Please tell us a little bit about yourself. 


Hi, my name is Ameera Seiyad. I am 21 and currently finishing my final semester at Laurier. I grew up playing a multitude of sports at various levels, but I stuck to soccer for the most part. I started playing soccer when I was 5 and now being 21, I still continue to play competitive intramurals at Laurier! Sticking to my faith, having a strong support system and working hard in life are the reasons for my happiness and success so far!


Please share a story about an internal or external barrier you have faced? How did you overcome that barrier?


When I was 9 I got a chance to play rep soccer for free! You see, growing up in a low- income, high priority neighborhood definitely had its down falls. Playing sports was expensive, so I usually took advantage of the free programs my community had to offer and of course, at school. Besides financial barriers, I also had cultural barriers to overcome. Being a young Muslim girl playing sports in a hijab wasn’t the “ideal” image yet my parents always supported me 100% no matter what the neighbors and other family members had to say. Over time I have gained the courage to overcome the cultural stigma, which let me play soccer with all my heart and I was actually good!
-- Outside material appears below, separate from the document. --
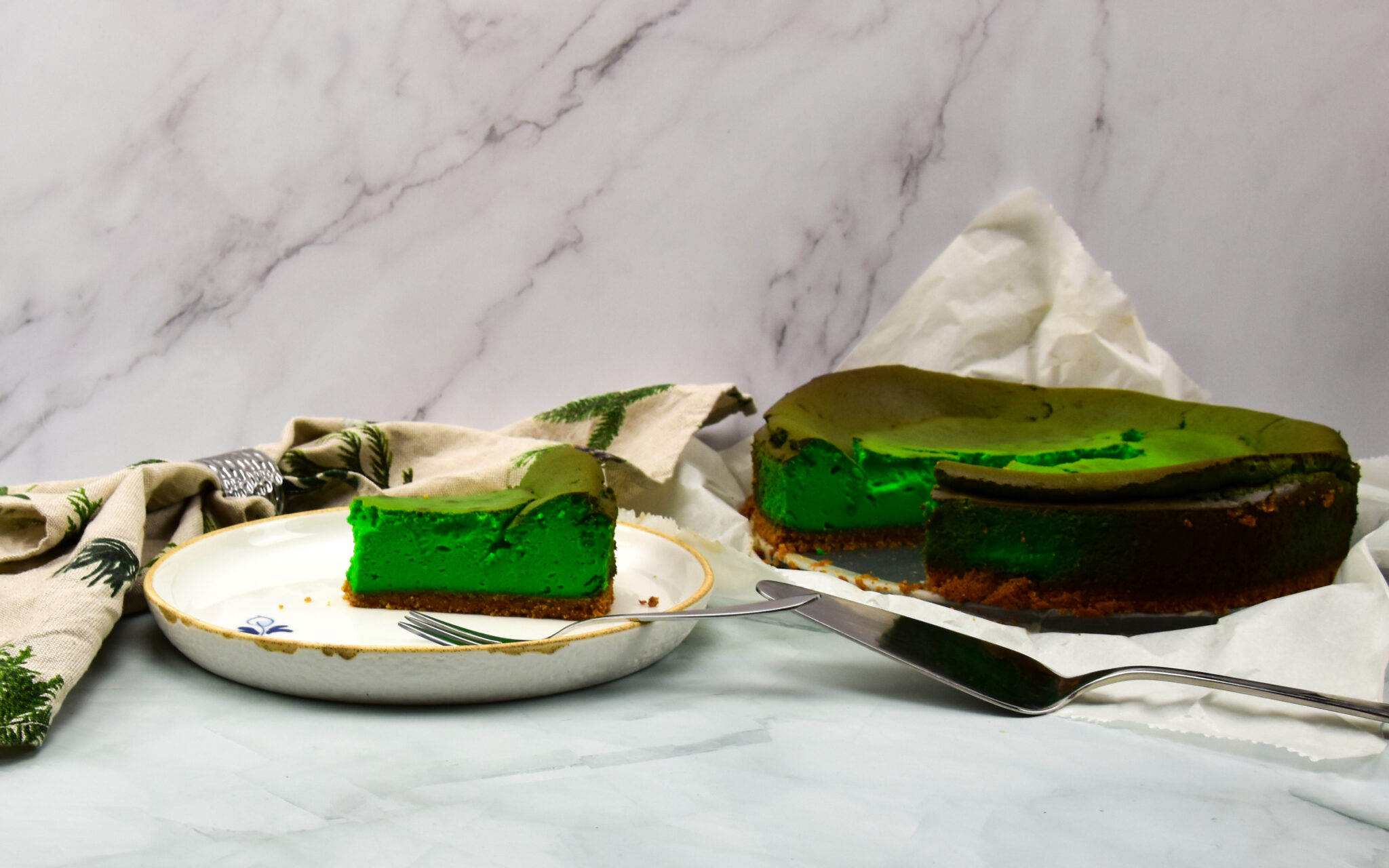 New York stijl Gebakken Pandan Cheesecake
What skills did you develop in sport that helped you overcome your barrier?


Playing sports with a hijab on as a young girl in a very cultural community definitely helped shape me into the person I am today. I gained confidence and courage to so what I love to do no matter what anyone had to say. In grade 12 after receiving an $8,000 scholarship, I decide to go away for university and this was just me breaking another stereotype. Conflict management, a better sense of identity and living a more active lifestyle is how sports helped me overcome the many barriers that came my way.


If you had one word to describe your character, experiences or philosophy what would it be? Why?




I use this word a lot to describe my personality on and off the soccer field. Being a small 5’1 Muslim girl in a one-piece hijab with long sleeves and track pants makes it very easy to spot me. Being the eldest of 2 siblings, I am determined to be a role model for them but also the community I grew up in. Teaching, volunteering and advocating for females in sport is very dear to my heart. A philosophy I truly believe in is that sometimes when you follow your dream, it opens the door for others to be able to follow theirs. Playing sports, staying true to my faith and making it a priority, along with working hard to achieve my own definition of success is what pushes me to strive and be better every day.


If you wanted to motivate a young female athlete to #BuildHerUp, what quote would you use? Why?

“It’s important to me that youth everywhere, no matter their race, religion or gender, know that anything is possible with perseverance.” – Ibtihaj Muhammad


First off, I would like to use a quote said by Ibtihaj Muhammad. She is the first Muslim American woman to wear a hijab while competing for the United States in the Olympics. This fierce fencer once said, “It’s important to me that youth everywhere, no matter their race, religion or gender, know that anything is possible with perseverance.” This quote is so universal and applicable in this day and age. Everyone should be given an equal chance but it also depends on how much they preserve individually. That’s what’s going to make the difference!